My food supply is already dwindling, with my patience and energy a close second and third.

Today’s toasted cheese sandwiches were made on … hotdog buns. I bought a big container of strawberries on Saturday. They are gone. Popsicles … well, those are considered a hot commodity here, so we are slowly running out of those too.

My kids wake up around 8 a.m. – that is if I am lucky.

Nonetheless, it doesn’t matter what time they wake up because they generally eat from sun UP to sun DOWN.

Three kiddos eat more food than I do during a given day.

I don’t know if it’s boredom kicking in, or if they are truly hungry.

I try to tell them the kitchen is CLOSED, but that only seems to entice them more into entering into it.
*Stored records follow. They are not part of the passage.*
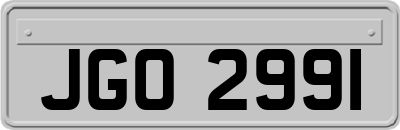 JGO2991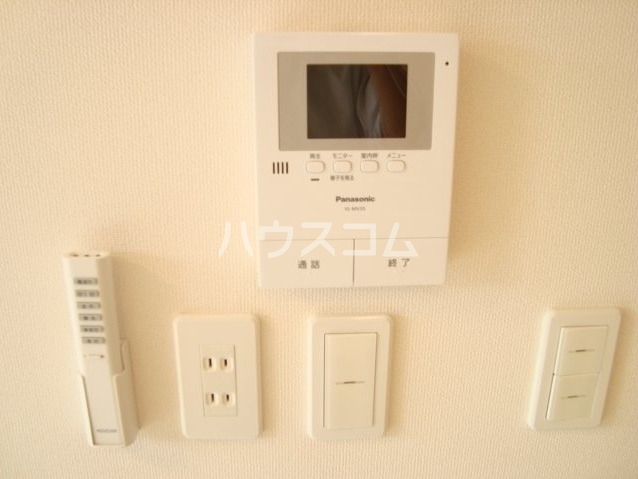 20/24 その他画像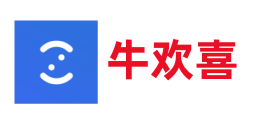 灵山县新彩能源回收公司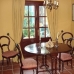 Monda property: 3 bedroom Villa in Monda, Spain 203807
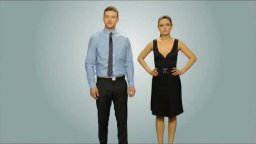 Featurette - Amici di letto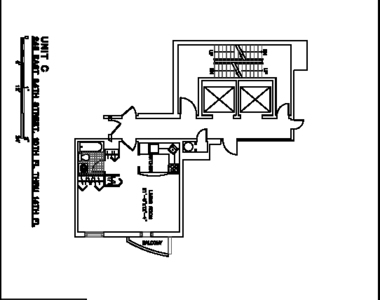 245 East 84th Street - Photo Thumbnail 17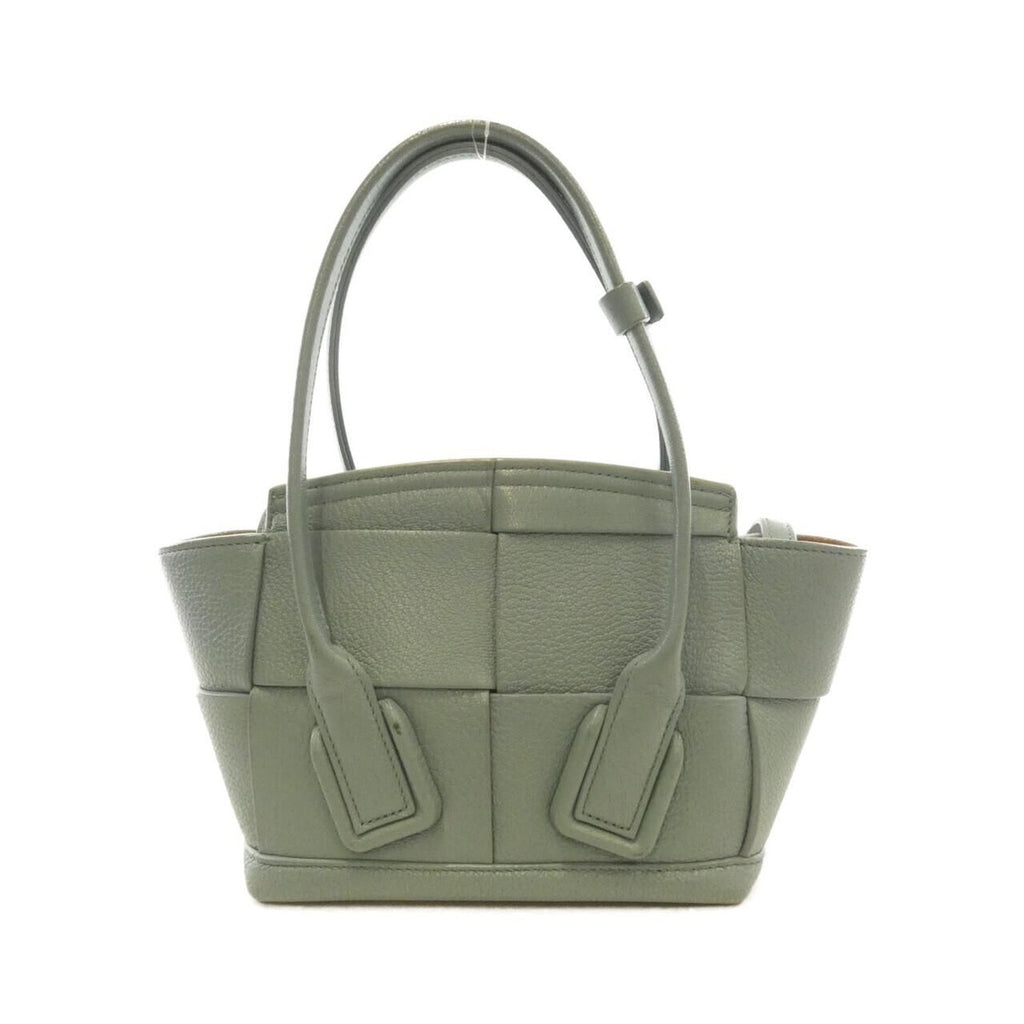 Bottega Veneta Bag — view 2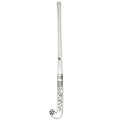 Osaka Field Hockey Stick Proto Bow 70 | Black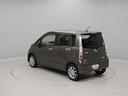 スマートキー　ＣＤ　禁煙車　ワンオーナー（愛知県）の中古車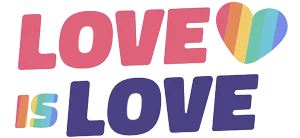 love is love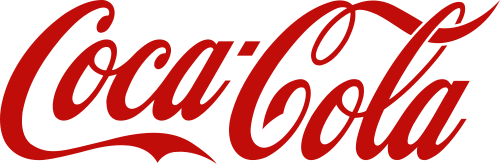 Coca Cola Silicon Valley Project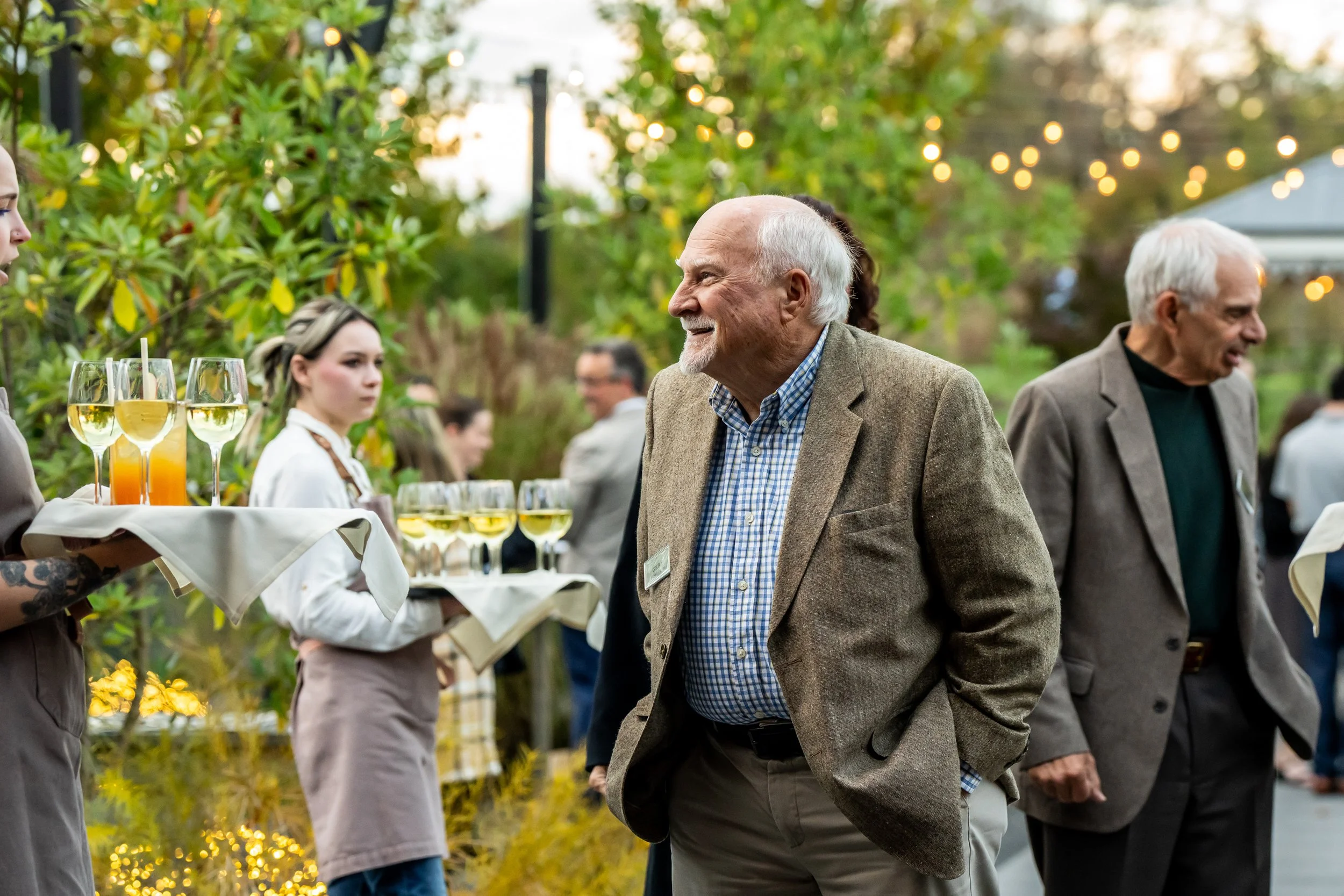 251023-1896-society-dinner-2823.JPG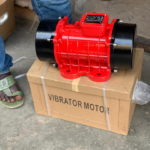 3hp Three Phase Vibration Motor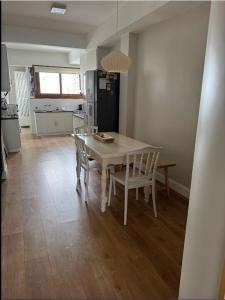 Departamento en Varese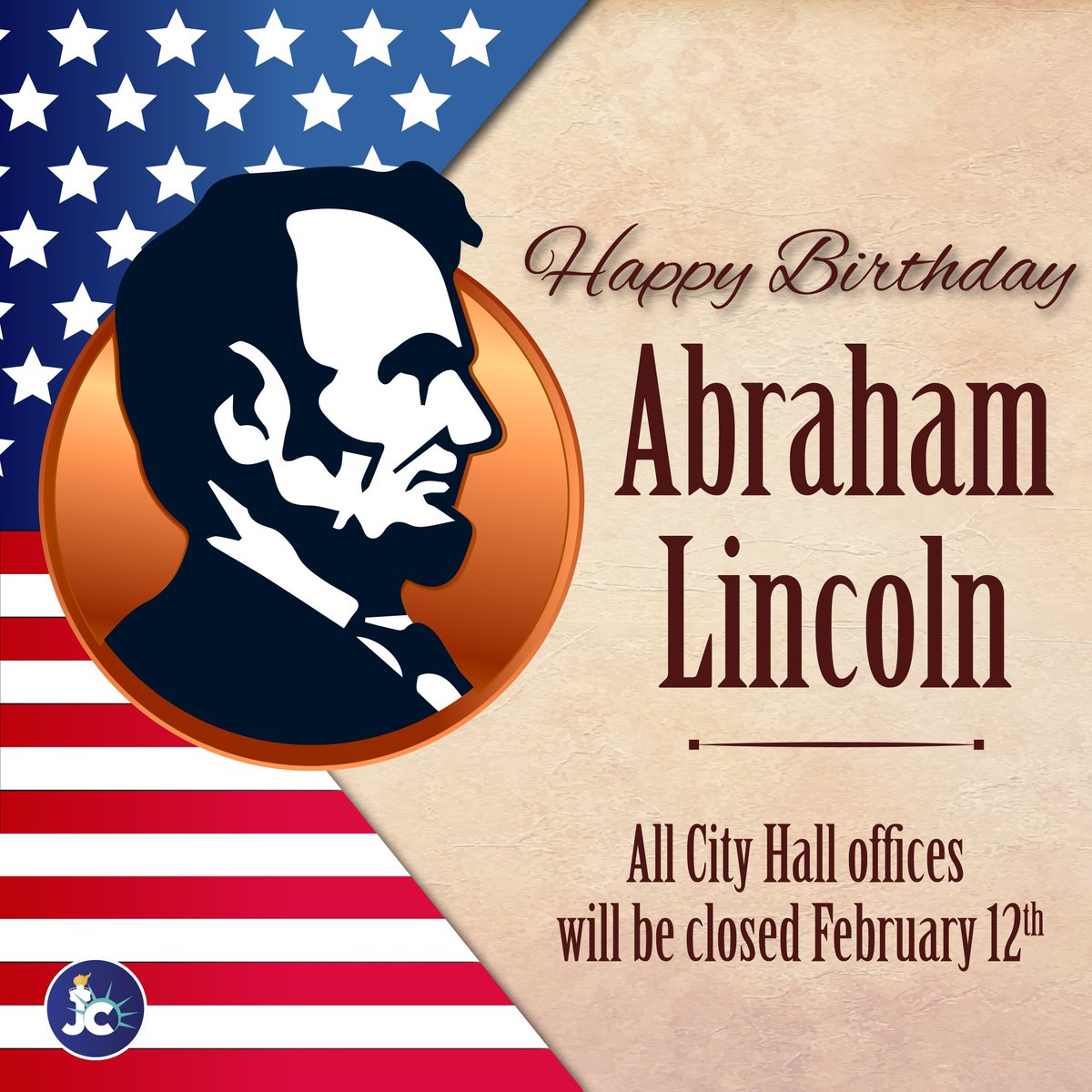 JCParking tweet media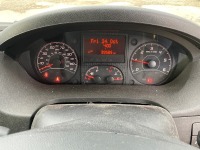 CITROEN RELAY 35 ENTERPRISE L2 H2 2.2 BLUE HDI 140PS  - 25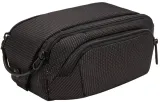 thule-toiletry-bag-crossover-2-black-stan-nowy
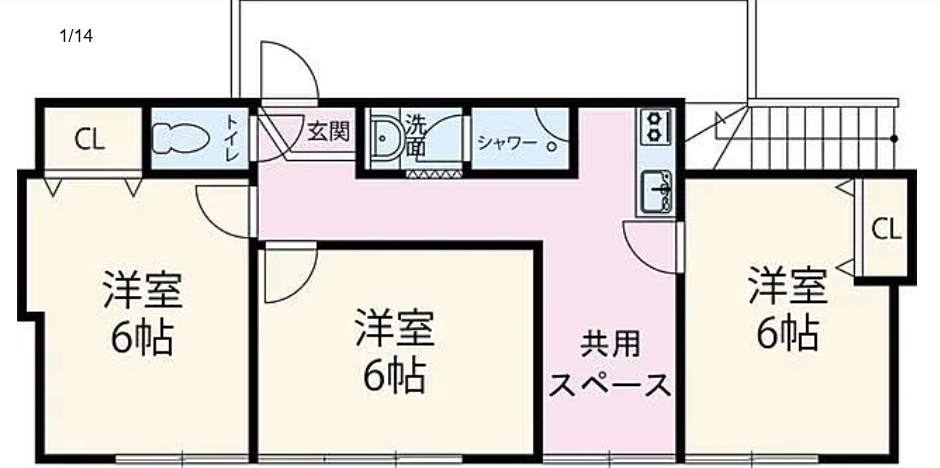 fresh/room/H00103063434_1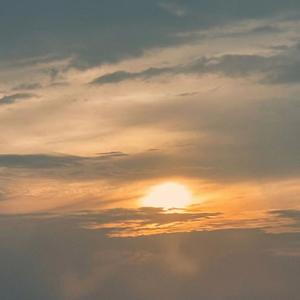 Chrome Coast（Day Mix）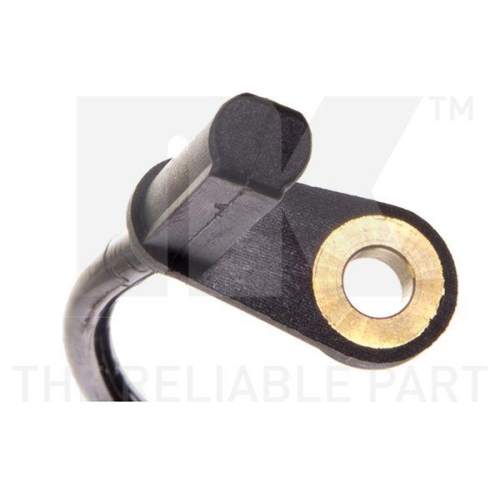NK Sensor, Raddrehzahl 293327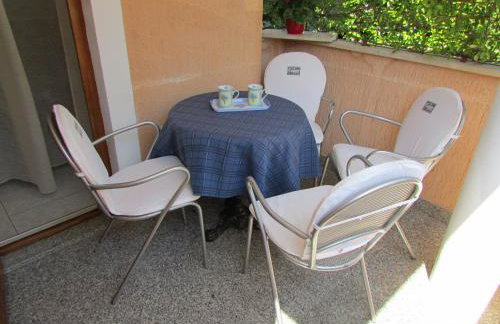 Apartments Krizine - Foto 12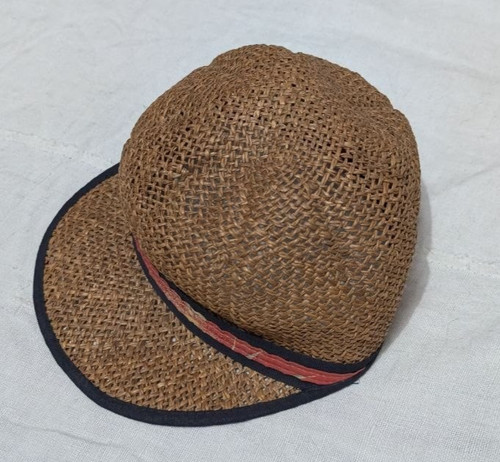 Cappello cappellino berretto - cappellino,
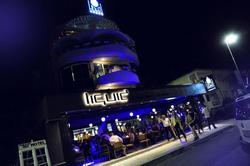Su Hotel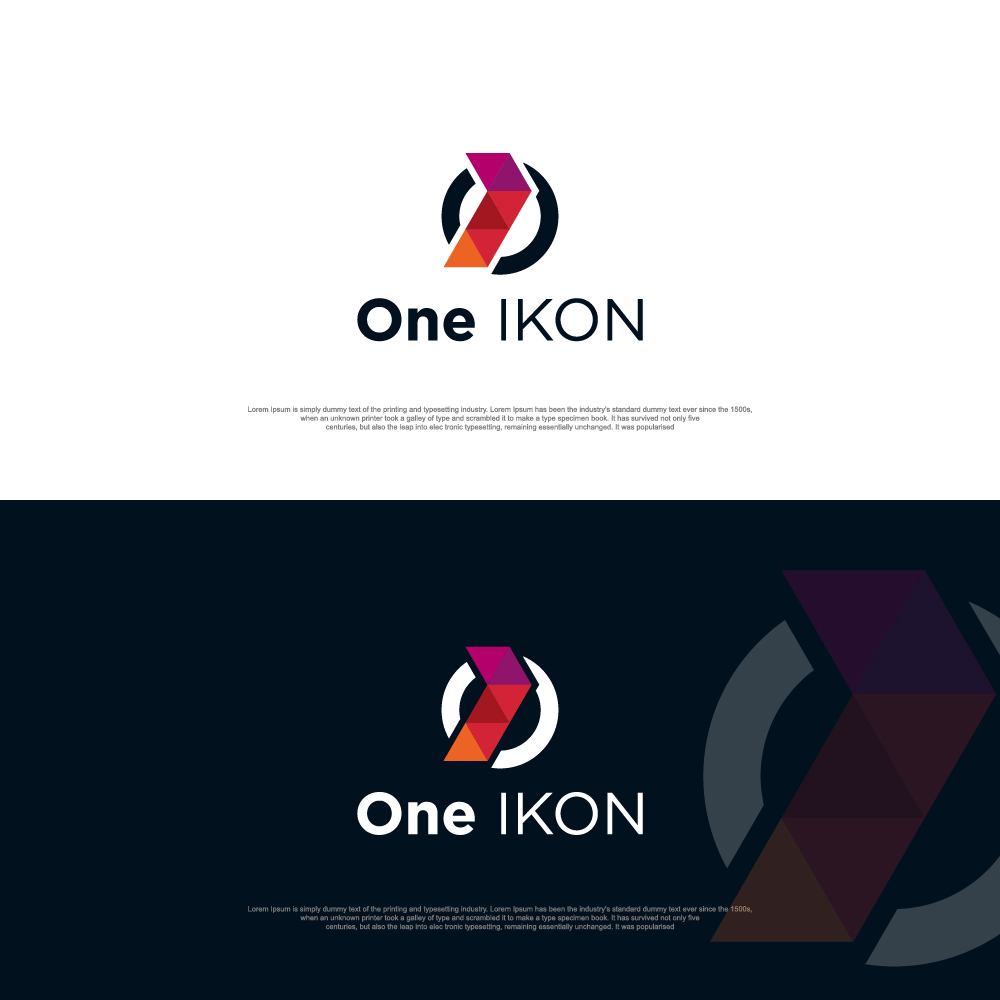 Logo Design by sushsharma99 for this project | Design #18990378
I think it becomes a game.

“Let’s see who can score some grub before getting tossed out of the pantry/kitchen!”

And at various times within a 30 minute time span – one that is immediately following me washing dishes (hence the KITCHEN IS CLOSED) – they slowly sneak in.

I am usually sitting by my desk, or sitting in the chair and I hear this:

“Derek … Derek … DEREK!” – KK whispers, and then yells.

“Katie, be quiet!” – Derek whispers.

“I want a rice Krispie bar!” – She tells him.

“OK … me too!” – He replies as he slowly opens the pantry door.

“NO! NOT THAT ONE, I want the one with chocolate DRIZZLE on it, not the CHOCOLATE FLAVORED ONE!” – She declares.

“FINE, TAKE MINE!” – Derek “whispers” back to her.

And then it’s quiet, for a mere moment. Crackle, crackle, chomp, chomp.

The snacks are devoured.

Then I hear the water dispenser from the fridge being used in what is most likely the 100th cup of the day. (I love doing dishes.)

And then, and then … my oldest elephant walks up from the basement, looking for his fourth mid-day snack.

But he steps in the water that is now on the floor in front of the fridge – in his socks – (I love doing laundry) and screams, “WHO SPILT WATER ALL OVER THE FLOOR? GOD KATIE AND DEREK, CLEAN IT UP!”

In an effort to “help” my family this summer, I believe I shall just drink copious amounts of wine (to save on food costs) … in the same glass (to save on dishes) … day after day … while wearing only my swimsuit (to save on laundry of course!)